You have every right to commute.
Entitled to commute and violate the new rest rules, no. Good luck getting the company to pay for that by the way.
Again, I'm just the messenger, not the guy making the rule.
See you next time!
Read what PCL said again and absorb it (he beat me to it).
They are NOT putting rules in place against commuting or requiring it to be added to your total duty for the day... yet...
The wording from the NPRM (if you bother to read the whole thing) says the FAA was leaning that way, then the committees studying the issue along with BOTH ALPA AND THE ATA said that it wasn't feasible. Too many people commuting, too difficult to track the system, and they decided they would start with training each pilot on these new fatigue rules in a ground school modules, the dangers of fatigue, they would "SUGGEST" that a pilot "CONSIDER" their time commuting similar to time spent in van transportation by the company to/from a hotel, i.e. it is now a part of your total duty day, and continue to leave it to the pilot to act responsibly when commuting.

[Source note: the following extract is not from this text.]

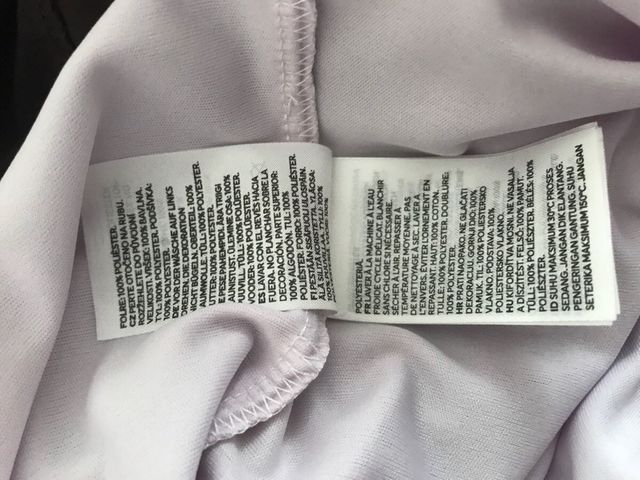 Vestido H&M Manga Larga 7/8 Años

In the future, if another person does an all-night red-eye commute then starts a 12-14 hour duty day and buries one in at the end of the day talking about being tired on the CVR... well... for all intents and purposes, this is "fair warning" from the FAA that failure of pilots to commute responsibly will "POSSIBLY" result in actual regulations on commuting.
Believe me, airline management doesn't want commuting rules in place, either. It would result in the short-term meltdown of operational integrity, followed by a LOT of additional costs in training and staffing as they add more employees, shorten up the trips, which as a result kills the trip average credit, requiring people to work more trips, less days off at home, and management's life would get just as difficult as ours would.
No one wants that, hence why THERE ARE NO RULES ABOUT COMMUTING IN THIS NPRM.
I suggest you read it in its entirety before you post about the issue again, just so you can post intelligently on the subject. Your call, of course (that's not a moderator position, this is just my personal take on the issue - 121.471 has always been near and dear to my heart).